I will be reading in Clarksville on April 28, along with others who are past contributors or editors of Zone 3. Here is a press release about the literary journal and the event:
They settled on the name “Zone 3” for their new magazine, in reference to the temperate zone that encompasses Clarksville, and the APSU Center of Excellence for the Creative Arts agreed to publish a few issues. It was a risky venture. Thousands of literary journals are founded each year, only to fold because of small readerships and financial constraints.
Twenty-five years later, both Till and Glass have retired from APSU, but the poetry journal they helped found has grown into a leading voice in the nation’s network of literary magazines. “Zone 3”expanded into publishing short stories in the 1990s, and it recently added provocative flash interviews with some of America’s finest prose writers, such as Michael Martone, Brenda Miller and Ander Monson.
On April 28, former editors and contributors will join the current editorial staff of “Zone 3” at the Clarksville-Montgomery County Public Library for “Terra Firma,” a reading and broadside exhibition commemorating the journal’s 25th Anniversary.
The event, sponsored by the Tennessee Arts Commission, the CMC Library and the Center of Excellence, begins with a reception at 5:30 p.m.
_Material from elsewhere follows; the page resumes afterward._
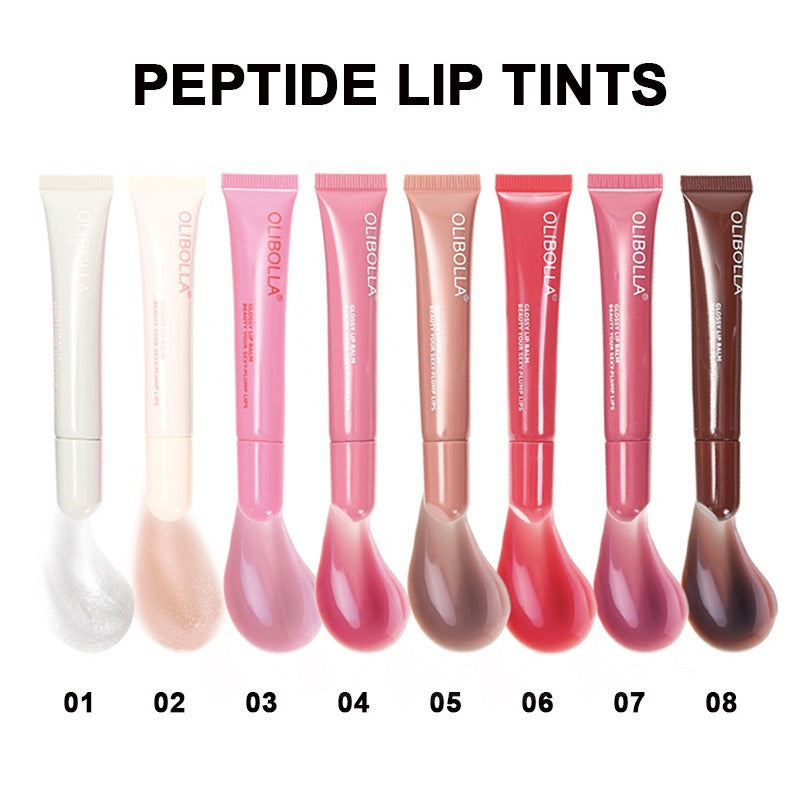 OLIBOLLA Peptide Lip Gloss, Liquid Lip Honey, Watery Lip Glaze, Lipstick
At 6 p.m., Till and Glass will read from their work, as will current “Zone 3” editors Blas Falconer, associate professor of English at APSU, Barry Kitterman, professor of English at APSU, and Amy Wright, assistant professor of English at APSU. Past magazine contributors Phyllis Gobbell and Jeff Hardin will also read during the event.
Hardin has published poems in recent and forthcoming issues of The Gettysburg Review, The Southern Review, The Hudson Review, Ploughshares, Nimrod, Passages Meridian and Measure. He is the author of two chapbooks, “Deep in the Shallows” and “The Slow Hill Out.” His first collection, “Fall Sanctuary,” received the 2004 Nicholas Roerich Prize from Story Line Press. Hardin teaches at Columbia State Community College in Columbia.
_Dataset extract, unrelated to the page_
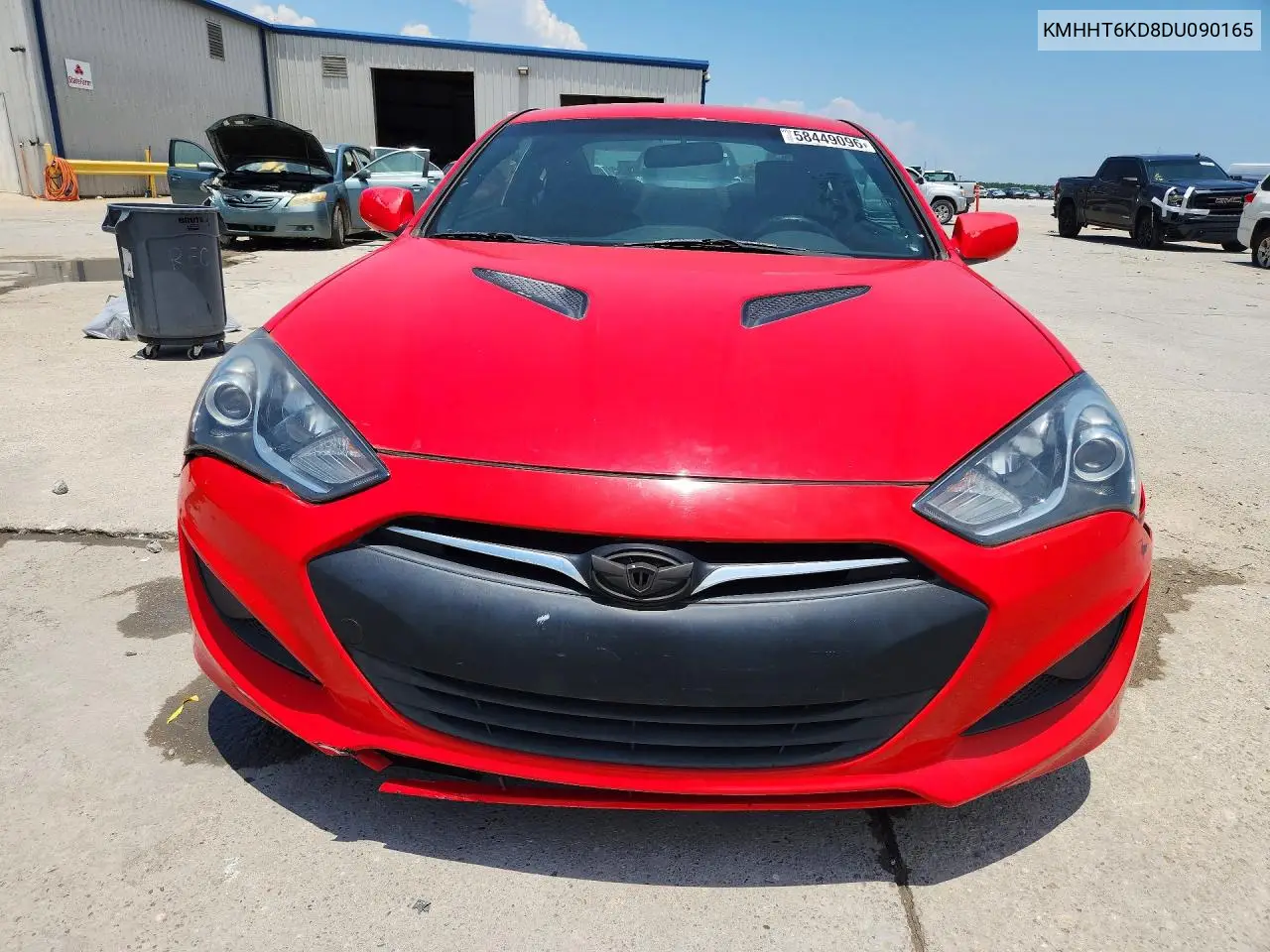 2013 Hyundai Genesis Coupe 2.0T VIN: KMHHT6KD8DU090165 Lot: 58449096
A book signing will follow at 7 p.m.
In addition to the readings, the event will feature broadsides of Zone 3 poems, created by APSU art students using the University’s Goldsmith Press and Rare Type Collection. These broadsides will be on display during the event.
For more information about the 25th Anniversary Celebration, contact Susan Wallace with the Center of Excellence for the Creative Arts at 931-221-7031 or firstname.lastname@example.org.
Alana White has started the ball rolling by setting the date – October 9, 2010, during the Southern Festival of Books – for a reunion of writers from the early years of the Nashville Writers Alliance. We didn’t even call ourselves by a formal name in those days. Then John Egerton did an article about us and he gave us the name. If you didn’t get an email from Alana, she probably did not have your address. I can’t wait for the reunion!